Joseph Muscat’s impending departure from the Auberge de Castille brings to a close the sixth Labour premiership since 1947. The turbulent circumstances surrounding his resignation call to mind a pattern: each of his Labour predecessors in the most powerful office in the land departed the office prematurely and in a situation of political or constitutional crisis: Paul Boffa in 1950; Dom Mintoff in 1958 and again in 1984; Karmenu Mifsud Bonnici in 1987; Alfred Sant in 1998; and now Muscat, merely two years and six months after a second, spectacular electoral victory.

This sequence is part of a paradox. Since the end of World War II, the Labour Party has consistently pioneered crucial innovations in Maltese politics, innovations that transformed politics and won handsome electoral dividends.

Labour was the first mass-membership party; the first to strike strategic electoral bargains with rising socio-economic groups, beginning with trade unions in the 1950s and climaxing with big business in 2013. Labour early understood the power of the press, broadcasting and, more recently, social media, in influencing voter worldviews and aspirations. As an electoral machine, the Labour Party consistently leads the field. In government, too, Labour is associated with some of the most important development strategies and policy initiatives from which Malta has benefited: universal welfare services, infrastructural investments; during the past six years, it has presided over rapid economic growth, albeit riding on a strategy first conceived by the preceding Nationalist government.

Why, then, do its stints at the helm of the state invariably end in crisis? Two possible explanations come to mind.

One is that, for all its creativity in politics and government, it has taken rigid, mistaken and ultimately unsuccessful stances on the strategic choices facing the country: the Integration scheme of the 1950s comes immediately to mind, a vision of state-led development of the 1970s and early 1980s that fell prey to virulent clientelism, and decades-long opposition to European integration.

By creating a cult of personality, the leader hollows out the party organs, and transforms democratic politics into tribalism

The party’s leaders remained inflexibly committed to these policies even when it became clear that they were failing, only to make dramatic, radical and apparently unconditional changes of direction. For all the sophistication of its electoral strategies and the visionary quality of many of its policies, the party’s approach to strategic national choices is almost always doctrinaire, confrontational and poorly thought through. The shift of position that failure induces then smacks more of political opportunism than of a conviction born of penetrating study, consultation and deliberation.

All of this points to another, perhaps more serious explanation for the crisis-mired ending of Labour governments: a tradition of leadership that is flawed and dysfunctional.

In marked contrast to the Nationalist Party, only one of the Labour Party’s leaders – Karmenu Mifsud Bonnici – has been a lawyer by profession. Mifsud Bonnici himself specialised in labour and employment law rather than civil, criminal or constitutional law like his Nationalist peers. He was, arguably, cast in the ‘technocratic’ mould of the other Labour Party leaders – Boffa the physician, Mintoff the architect, Sant and Muscat the economists.

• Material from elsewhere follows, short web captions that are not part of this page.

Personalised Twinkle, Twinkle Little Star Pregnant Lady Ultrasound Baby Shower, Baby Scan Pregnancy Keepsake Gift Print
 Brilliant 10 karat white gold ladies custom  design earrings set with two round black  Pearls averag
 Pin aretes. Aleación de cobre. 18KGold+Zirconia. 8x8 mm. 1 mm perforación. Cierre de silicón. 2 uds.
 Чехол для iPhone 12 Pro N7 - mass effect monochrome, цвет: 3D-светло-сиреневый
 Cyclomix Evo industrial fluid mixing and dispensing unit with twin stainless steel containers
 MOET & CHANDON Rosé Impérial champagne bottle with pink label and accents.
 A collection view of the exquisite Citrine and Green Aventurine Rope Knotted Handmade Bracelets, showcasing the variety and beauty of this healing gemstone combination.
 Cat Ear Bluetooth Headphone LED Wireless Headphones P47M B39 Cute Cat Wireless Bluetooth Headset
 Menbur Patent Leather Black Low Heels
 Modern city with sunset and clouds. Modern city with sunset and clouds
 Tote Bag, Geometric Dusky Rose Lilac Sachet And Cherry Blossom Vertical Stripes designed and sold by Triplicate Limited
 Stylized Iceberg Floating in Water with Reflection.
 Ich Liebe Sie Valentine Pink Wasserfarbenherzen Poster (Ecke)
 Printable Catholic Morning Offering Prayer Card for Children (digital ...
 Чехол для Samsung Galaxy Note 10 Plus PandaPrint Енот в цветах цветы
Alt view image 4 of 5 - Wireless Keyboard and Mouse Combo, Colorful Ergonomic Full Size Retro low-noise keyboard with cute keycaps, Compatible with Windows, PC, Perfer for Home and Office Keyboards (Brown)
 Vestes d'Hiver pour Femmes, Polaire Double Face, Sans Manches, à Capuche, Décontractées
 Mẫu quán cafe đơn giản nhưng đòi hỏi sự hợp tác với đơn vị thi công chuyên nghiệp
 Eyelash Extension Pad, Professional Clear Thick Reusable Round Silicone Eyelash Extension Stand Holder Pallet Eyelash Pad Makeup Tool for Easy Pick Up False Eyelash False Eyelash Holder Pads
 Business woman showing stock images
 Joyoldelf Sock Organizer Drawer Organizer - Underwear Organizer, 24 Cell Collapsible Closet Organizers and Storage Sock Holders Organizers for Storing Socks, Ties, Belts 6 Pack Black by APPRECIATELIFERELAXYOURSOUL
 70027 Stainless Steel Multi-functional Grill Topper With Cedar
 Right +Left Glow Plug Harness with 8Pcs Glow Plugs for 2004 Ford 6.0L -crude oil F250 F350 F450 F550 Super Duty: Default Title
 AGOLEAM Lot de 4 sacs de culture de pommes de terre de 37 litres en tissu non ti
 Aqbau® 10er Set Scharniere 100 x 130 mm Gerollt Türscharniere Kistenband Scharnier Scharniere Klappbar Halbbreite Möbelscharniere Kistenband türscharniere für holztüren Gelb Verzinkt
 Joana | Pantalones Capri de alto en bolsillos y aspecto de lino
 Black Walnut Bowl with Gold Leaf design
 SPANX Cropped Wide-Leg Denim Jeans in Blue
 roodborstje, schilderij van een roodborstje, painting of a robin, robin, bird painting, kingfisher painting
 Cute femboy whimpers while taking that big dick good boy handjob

Here, perhaps, lies a clue to the party’s leadership style: the technical, specialist outlook of these professions tends perhaps to accentuate the ‘Big Man’ pattern that is characteristic of Maltese politics and, indeed, the politics of numerous countries. If this is the case, the ‘big man’ of Labour vintage not only fancies himself a master of political manoeuvring, a visionary, a decisive leader and, where necessary, a ruthless ‘fixer’: he may also see himself as an omniscient expert.

Compounded together, these ingredients make for a pattern of leadership that brooks little opposition within and outside its own house. Internal dissent is neutralised by intimidation or co-optation, while external opposition is demonised and harrassed. By creating a cult of personality, the leader hollows out the party organs and transforms democratic politics into tribalism.

The ‘Expert Big Man’, then, regards deliberation, expert advice, prudence and legal and administrative routines as obstacles to be swept aside or circumvented. In so doing, he subverts the rule of law that protects ordinary people and neutralises the governing institutions that stabilise politics, regularise government and conserve the State as an entity transcending leaders, factions, parties, issues and sectoral interests.

There is one other point to make that is particularly relevant to Malta’s past and present experience: this pattern of leadership is inherently confrontational and, consequently, engenders political violence.

The Labour Party is about to select a successor to Muscat. Will the next leader perpetuate the flawed, dysfunctional leadership model that brings both the party and the country to recurring crises? Will the Maltese people be able to look to the Labour Party for leadership that is as prudent, steady and sound at the tiller of the Ship of State as it is shrewd, skilful and creative at the hustings?

Edward Warrington is associate professor, Department of Public Policy, University of Malta.